Adolfo Sánchez Rebolledo
El voto de los pobres

La ley prohíbe expresamente el uso de los recursos públicos para condicionar el voto de los ciudadanos, tipificando como delitos ciertas prácticas que durante décadas se consideraban tan normales como la falta de competencia partidista.

El artículo 107 del Código Penal prevé sanciones para el servidor público que ``... condicione la prestación de un servicio público, el cumplimiento de programas o la realización de obras públicas, en el ámbito de su competencia, a la emisión del sufragio en favor de un partido político o candidato''.

Bajo el régimen de partido casi único esas prácticas parecían lo más natural del mundo. Era tan delgada la línea que separa al gobierno del partido, que casi no se ve la diferencia entre la acción oficial y las campañas electorales con que se renuevan los mandos políticos bajo el principio sagrado de la ``no reelección''.

Al monopolio político del PRI corresponde el monopolio clientelar que administra el gobierno, a cuyas costas se realizan delirantes campañas cuyos resultados (``si el voto ciudadano me favorece'') se sabían de antemano, aunque no eran una completa mascarada inútil, pues servían para conferirle cierta legitimidad ``democrática'' al elegido, gracias a la aplanadora tricolor. La ciudadanía, en especial la mayoría más pobre, asiste a esas elecciones para recibir sin compromiso las minúsculas porciones de esperanza renovable (y despensas) que le ofrecen los candidatos.

Con el pluralismo político y las reformas electorales que sustentan la transición a la democracia, las cosas comenzaron a cambiar. Por primera vez los votantes votaron y los votos se contaron, pero muchas de las prácticas tradicionales se mantuvieron a contrapelo de los grandes cambios ocurridos, sobre todo en las regiones donde las necesidades populares están a flor de piel.

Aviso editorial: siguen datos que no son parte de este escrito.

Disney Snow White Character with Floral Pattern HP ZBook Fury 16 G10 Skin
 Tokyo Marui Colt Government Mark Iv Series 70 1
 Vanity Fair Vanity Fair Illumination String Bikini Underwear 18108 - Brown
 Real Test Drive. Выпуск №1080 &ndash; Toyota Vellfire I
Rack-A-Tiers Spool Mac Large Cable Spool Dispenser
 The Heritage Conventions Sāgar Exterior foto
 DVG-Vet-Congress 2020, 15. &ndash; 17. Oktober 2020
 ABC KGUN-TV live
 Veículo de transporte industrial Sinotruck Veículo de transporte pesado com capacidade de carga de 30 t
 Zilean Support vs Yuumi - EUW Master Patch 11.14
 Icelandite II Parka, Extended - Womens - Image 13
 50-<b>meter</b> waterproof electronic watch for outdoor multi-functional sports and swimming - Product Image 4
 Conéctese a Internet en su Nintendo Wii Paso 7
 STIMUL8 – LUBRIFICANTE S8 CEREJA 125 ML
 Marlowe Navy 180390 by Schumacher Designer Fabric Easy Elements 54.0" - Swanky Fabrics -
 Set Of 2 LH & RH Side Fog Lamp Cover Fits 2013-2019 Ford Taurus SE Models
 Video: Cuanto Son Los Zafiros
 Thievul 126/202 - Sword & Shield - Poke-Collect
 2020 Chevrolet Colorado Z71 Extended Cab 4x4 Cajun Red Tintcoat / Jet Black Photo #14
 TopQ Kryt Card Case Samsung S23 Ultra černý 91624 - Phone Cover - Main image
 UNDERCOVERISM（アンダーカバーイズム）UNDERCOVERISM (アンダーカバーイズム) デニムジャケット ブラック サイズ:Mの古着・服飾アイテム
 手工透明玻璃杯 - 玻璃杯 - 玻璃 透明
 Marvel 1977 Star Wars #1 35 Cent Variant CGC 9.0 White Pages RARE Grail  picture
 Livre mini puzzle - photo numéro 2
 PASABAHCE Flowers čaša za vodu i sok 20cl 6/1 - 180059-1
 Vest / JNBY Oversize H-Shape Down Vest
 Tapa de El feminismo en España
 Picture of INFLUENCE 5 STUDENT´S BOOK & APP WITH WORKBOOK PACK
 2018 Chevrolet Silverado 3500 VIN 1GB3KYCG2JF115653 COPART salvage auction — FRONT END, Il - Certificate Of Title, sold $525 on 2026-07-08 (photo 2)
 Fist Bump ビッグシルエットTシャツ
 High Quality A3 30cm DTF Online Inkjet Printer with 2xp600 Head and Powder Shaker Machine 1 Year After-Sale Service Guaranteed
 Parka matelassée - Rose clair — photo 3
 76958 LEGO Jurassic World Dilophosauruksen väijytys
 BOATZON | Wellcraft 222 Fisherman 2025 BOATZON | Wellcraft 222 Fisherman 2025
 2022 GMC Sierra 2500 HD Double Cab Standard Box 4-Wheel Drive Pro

Son tantas las carencias de la gente, que los mismos partidos de oposición resolvieron enfrentar el clientelismo priísta aconsejando a los ciudadanos que tomaran los regalos electorales sin sentirse por ello obligados a votar por el PRI, pues resultaba inútil pedir que la gente rechazara materiales para la vivienda o despensas cuando se vive en la penuria más extrema. Pero esta recomendación pragmática, y hasta cierto punto inevitable, se traduce en un intercambio moral pobre y políticamente dudoso, que no evita las actitudes fraudulentas pero, en cambio, refuerza la idea antidemocrática de que el voto es materia de trueque.

Es obvio que la alternativa al viejo clientelismo no es que todos los partidos hagan lo propio, aprovechando de la peor manera las necesidades de la gente. En ocasiones no es tan sencillo determinar cuándo las acciones de gobierno se utilizan sólo para inducir el voto y cuándo se hacen en cumplimiento de sus obligaciones pues, más allá de los casos flagrantes de mercadeo electoral que constituyen delitos, es evidente que todas las actividades gubernamentales intentan ``condicionar'' al electorado para que éste siga depositando su confianza en el partido en el poder. La solución no es, no podría ser, cancelar los programas sociales, sino sustraerlos de la disputa electoral mediante procedimientos de fiscalización más certeros y eficaces, sujetándolos al control de la sociedad.

Pero en el fondo de todo este asunto no hay más que una realidad brutal que seguirá conspirando contra la democracia, a saber: la pobreza de millones que están cansados de las promesas incumplidas. Da vergüenza que a cada elección se destinen millones de recursos que se convierten en dádivas, sin que los partidos asuman una postura definida ante la miseria de ``sus'' votantes y no sólo ante la eventualidad del fraude.

¿No va siendo hora de que los mexicanos asumamos que no habrá democracia en serio mientras una porción enorme de la población carezca de lo más elemental?